- **Source material**
───
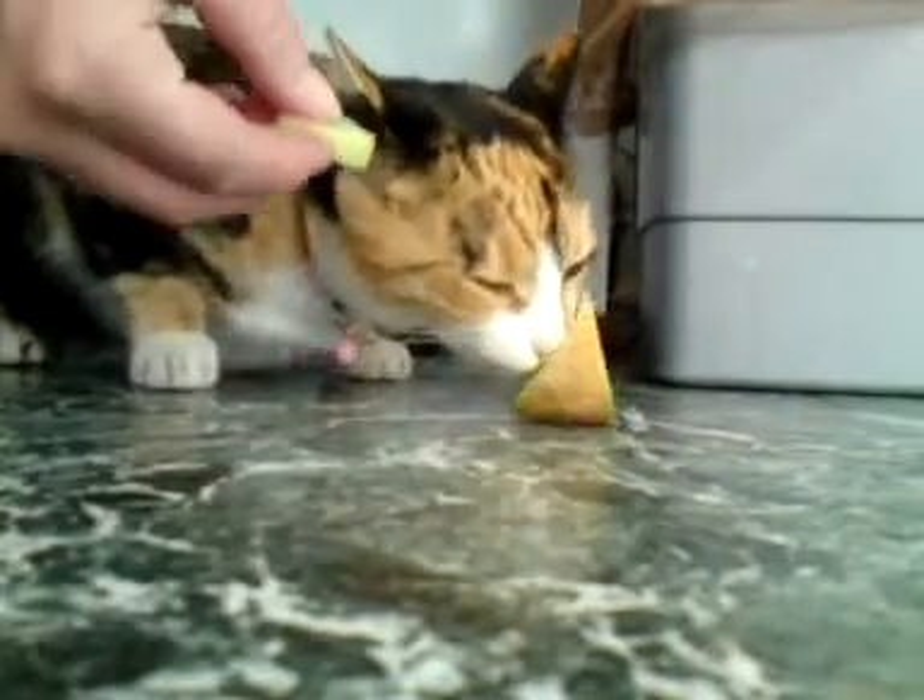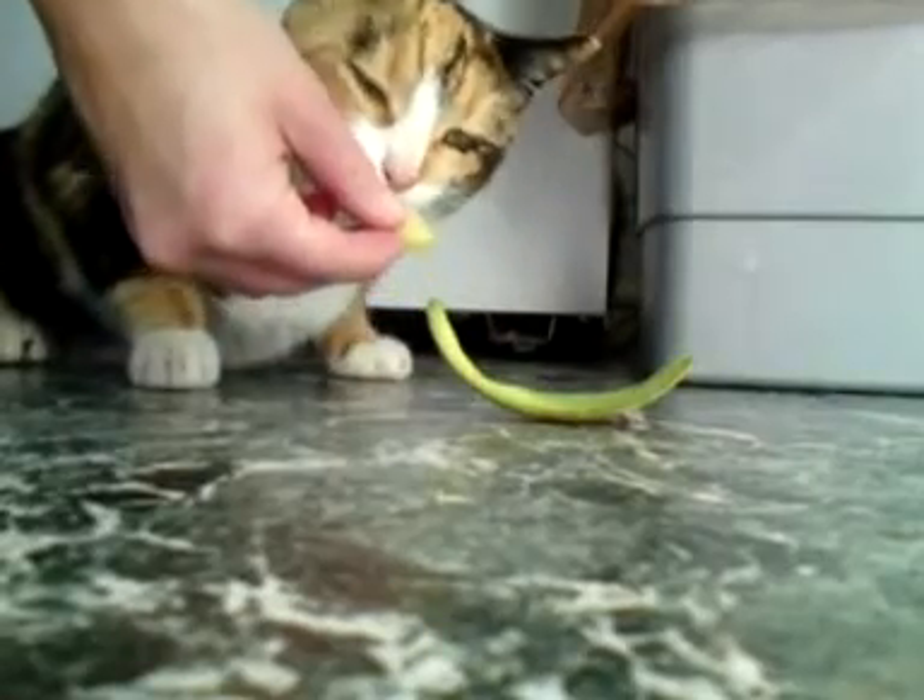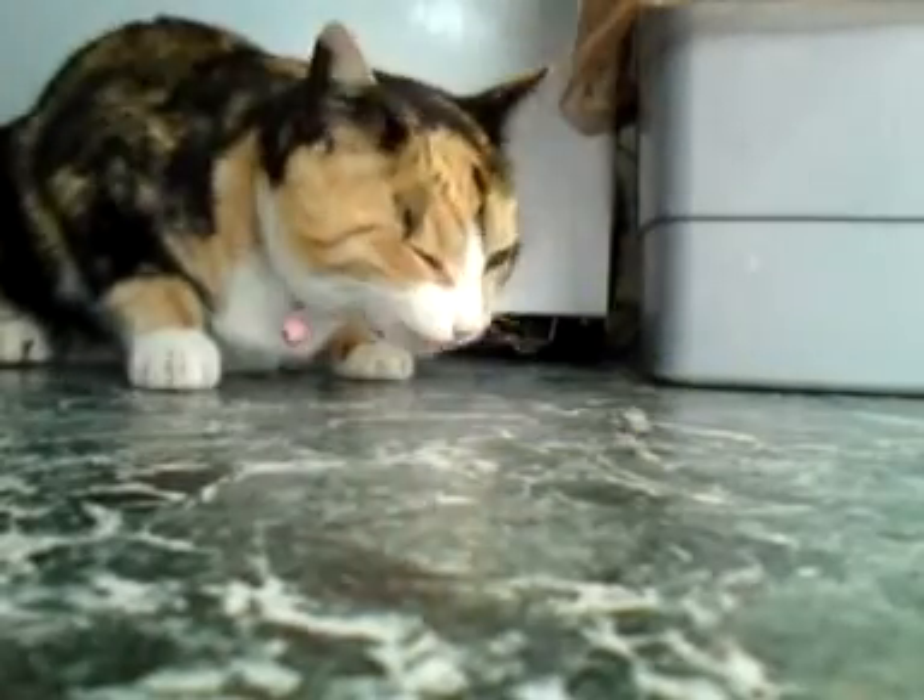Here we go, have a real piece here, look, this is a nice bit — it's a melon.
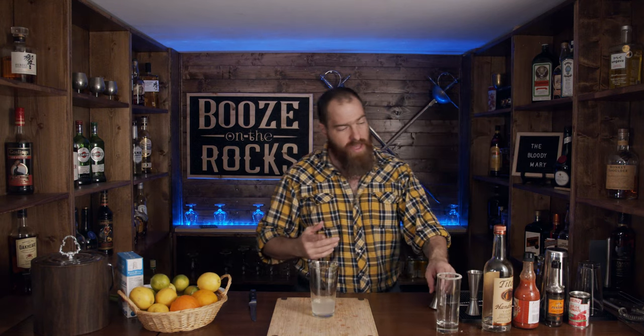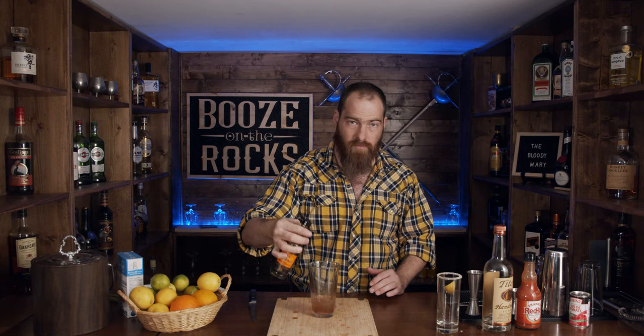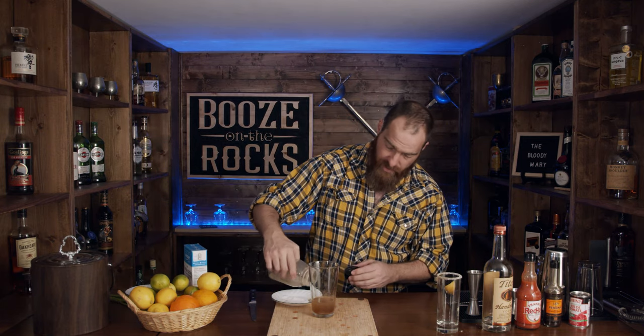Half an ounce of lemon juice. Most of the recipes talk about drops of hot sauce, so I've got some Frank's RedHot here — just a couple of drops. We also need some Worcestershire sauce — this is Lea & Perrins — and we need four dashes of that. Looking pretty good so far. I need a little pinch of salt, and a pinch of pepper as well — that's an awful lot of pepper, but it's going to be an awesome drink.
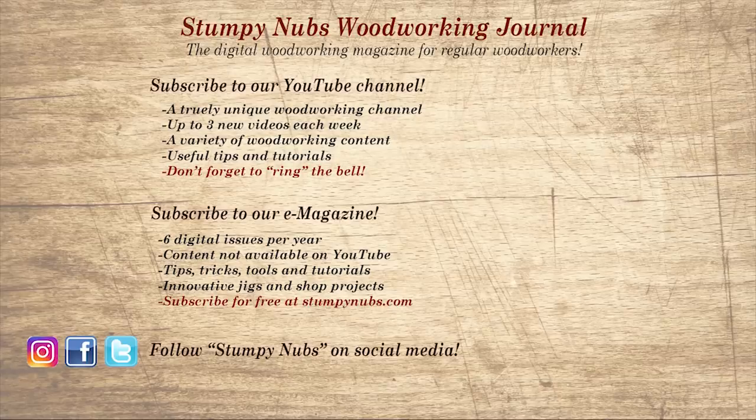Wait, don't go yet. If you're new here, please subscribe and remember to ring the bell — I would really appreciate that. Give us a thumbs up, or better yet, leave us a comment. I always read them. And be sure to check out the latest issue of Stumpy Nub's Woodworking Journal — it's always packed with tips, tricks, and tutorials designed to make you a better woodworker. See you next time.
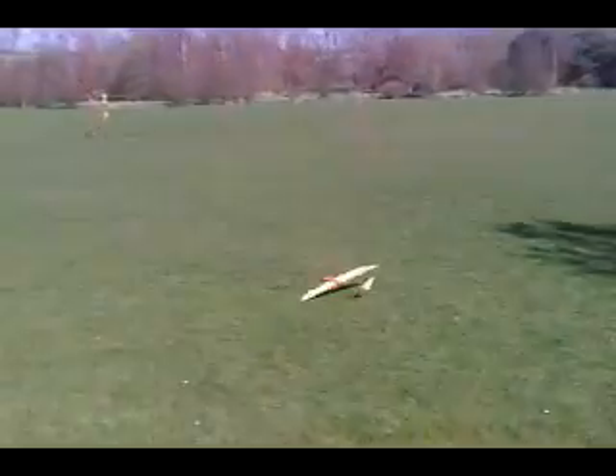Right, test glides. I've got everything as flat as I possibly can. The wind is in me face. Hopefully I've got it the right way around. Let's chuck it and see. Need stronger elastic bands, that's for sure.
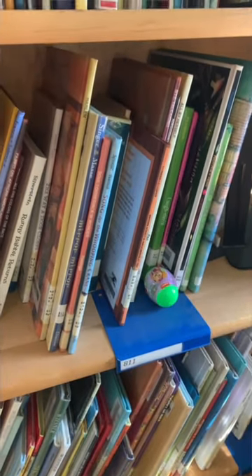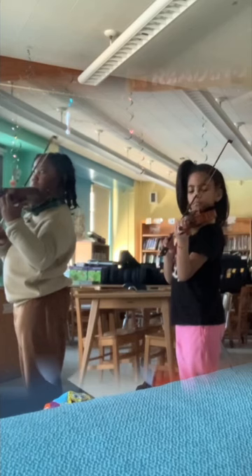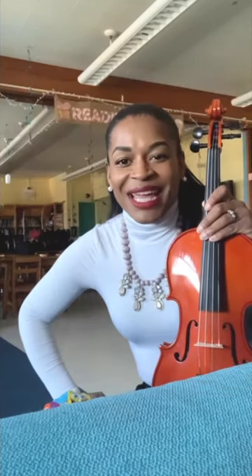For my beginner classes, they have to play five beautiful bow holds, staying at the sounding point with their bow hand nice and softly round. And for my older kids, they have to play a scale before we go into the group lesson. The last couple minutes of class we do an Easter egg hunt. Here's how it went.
───
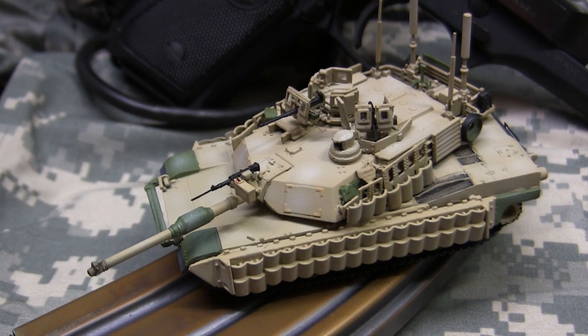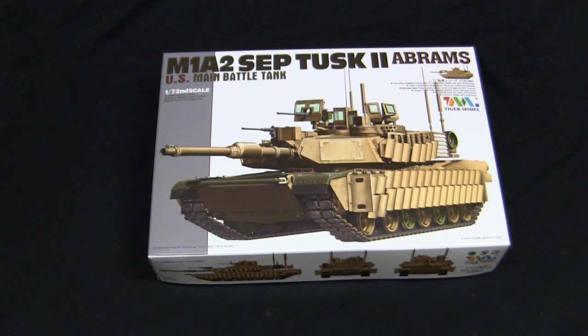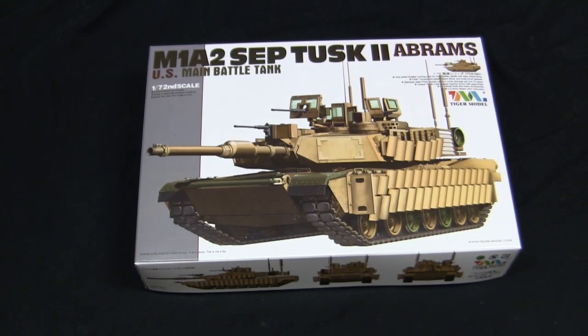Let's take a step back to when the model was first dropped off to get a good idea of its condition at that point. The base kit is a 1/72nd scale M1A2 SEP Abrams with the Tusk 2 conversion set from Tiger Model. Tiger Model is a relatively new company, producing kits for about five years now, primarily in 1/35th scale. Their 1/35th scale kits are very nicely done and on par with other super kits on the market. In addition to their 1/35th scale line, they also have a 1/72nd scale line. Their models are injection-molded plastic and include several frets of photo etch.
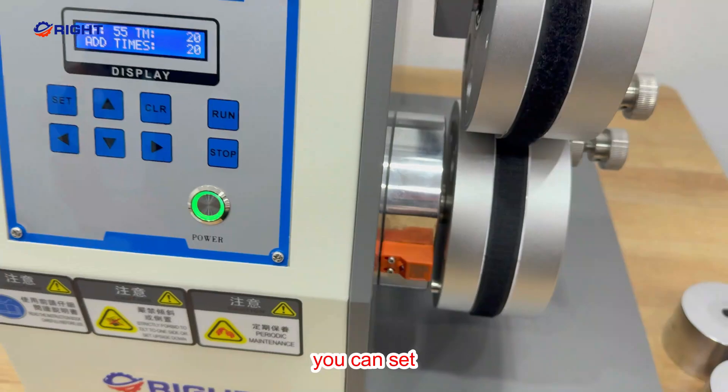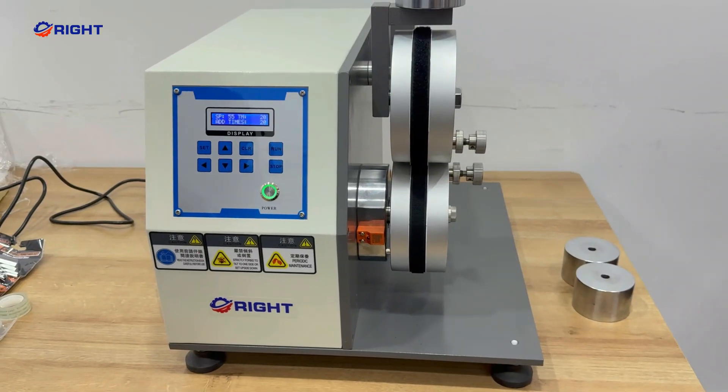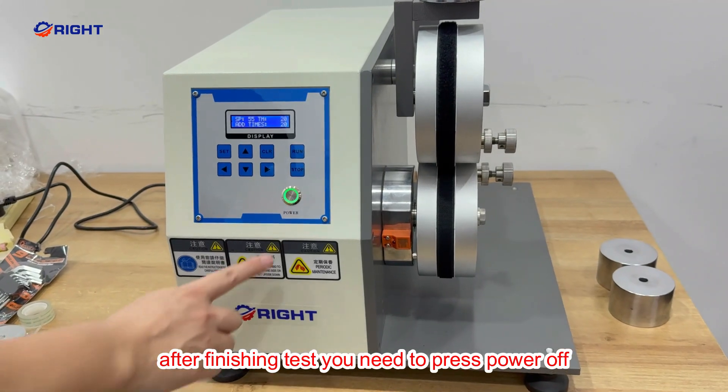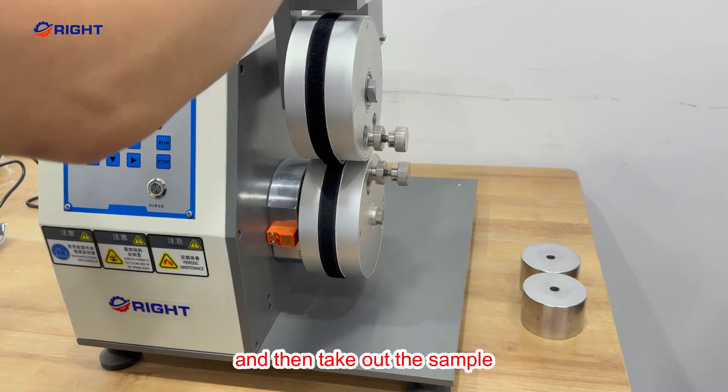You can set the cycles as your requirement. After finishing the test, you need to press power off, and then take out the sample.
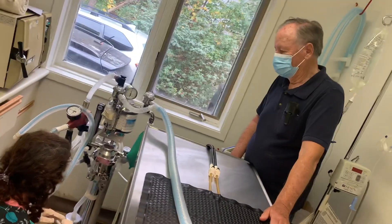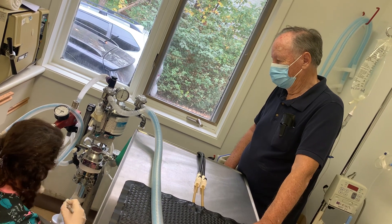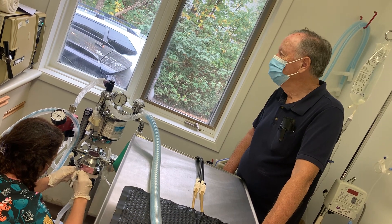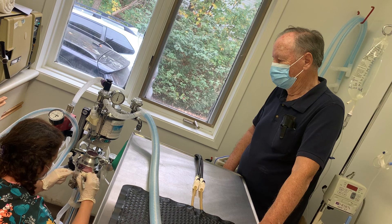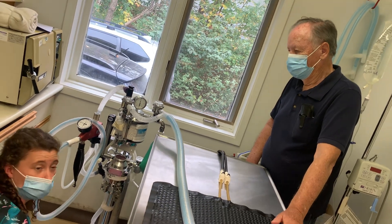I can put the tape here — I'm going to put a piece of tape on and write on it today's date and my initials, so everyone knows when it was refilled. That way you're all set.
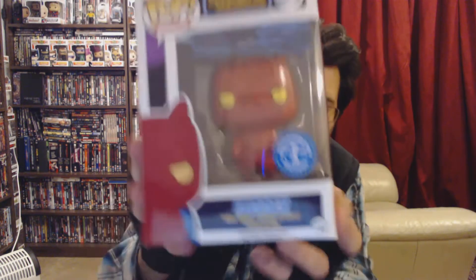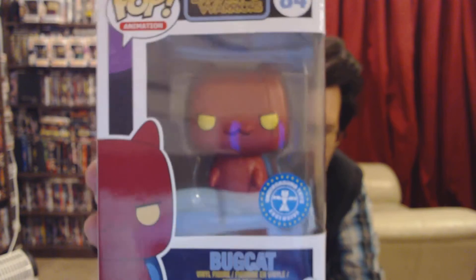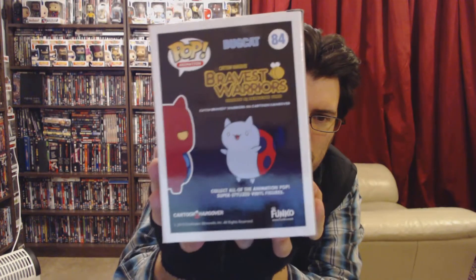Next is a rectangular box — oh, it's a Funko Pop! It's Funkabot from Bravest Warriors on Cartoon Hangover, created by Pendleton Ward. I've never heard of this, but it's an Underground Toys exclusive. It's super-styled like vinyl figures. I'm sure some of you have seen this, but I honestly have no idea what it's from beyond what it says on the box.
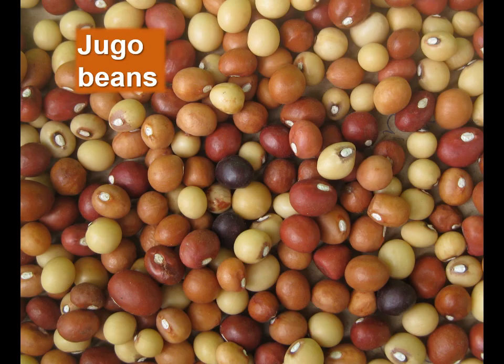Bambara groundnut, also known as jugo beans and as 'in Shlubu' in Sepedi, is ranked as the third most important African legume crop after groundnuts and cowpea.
───
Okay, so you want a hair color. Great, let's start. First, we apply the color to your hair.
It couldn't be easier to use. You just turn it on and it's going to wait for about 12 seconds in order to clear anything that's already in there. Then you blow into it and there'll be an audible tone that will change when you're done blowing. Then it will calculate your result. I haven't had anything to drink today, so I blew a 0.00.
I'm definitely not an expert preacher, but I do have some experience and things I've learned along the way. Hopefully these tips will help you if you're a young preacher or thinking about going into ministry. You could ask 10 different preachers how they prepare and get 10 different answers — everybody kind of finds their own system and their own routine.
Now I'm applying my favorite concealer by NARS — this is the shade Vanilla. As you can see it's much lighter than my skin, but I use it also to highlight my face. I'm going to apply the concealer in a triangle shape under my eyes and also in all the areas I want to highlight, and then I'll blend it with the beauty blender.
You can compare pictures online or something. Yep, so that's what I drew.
───
- **Work request**
Copy everything above from the line holding "Here we go, have" down to the line holding "Right, test glides.", both ends included, exactly as it stands and without the pictures.

- **Exercise result**
Here we go, have a real piece here, look, this is a nice bit — it's a melon.
Half an ounce of lemon juice. Most of the recipes talk about drops of hot sauce, so I've got some Frank's RedHot here — just a couple of drops. We also need some Worcestershire sauce — this is Lea & Perrins — and we need four dashes of that. Looking pretty good so far. I need a little pinch of salt, and a pinch of pepper as well — that's an awful lot of pepper, but it's going to be an awesome drink.
Wait, don't go yet. If you're new here, please subscribe and remember to ring the bell — I would really appreciate that. Give us a thumbs up, or better yet, leave us a comment. I always read them. And be sure to check out the latest issue of Stumpy Nub's Woodworking Journal — it's always packed with tips, tricks, and tutorials designed to make you a better woodworker. See you next time.
Right, test glides. I've got everything as flat as I possibly can. The wind is in me face. Hopefully I've got it the right way around. Let's chuck it and see. Need stronger elastic bands, that's for sure.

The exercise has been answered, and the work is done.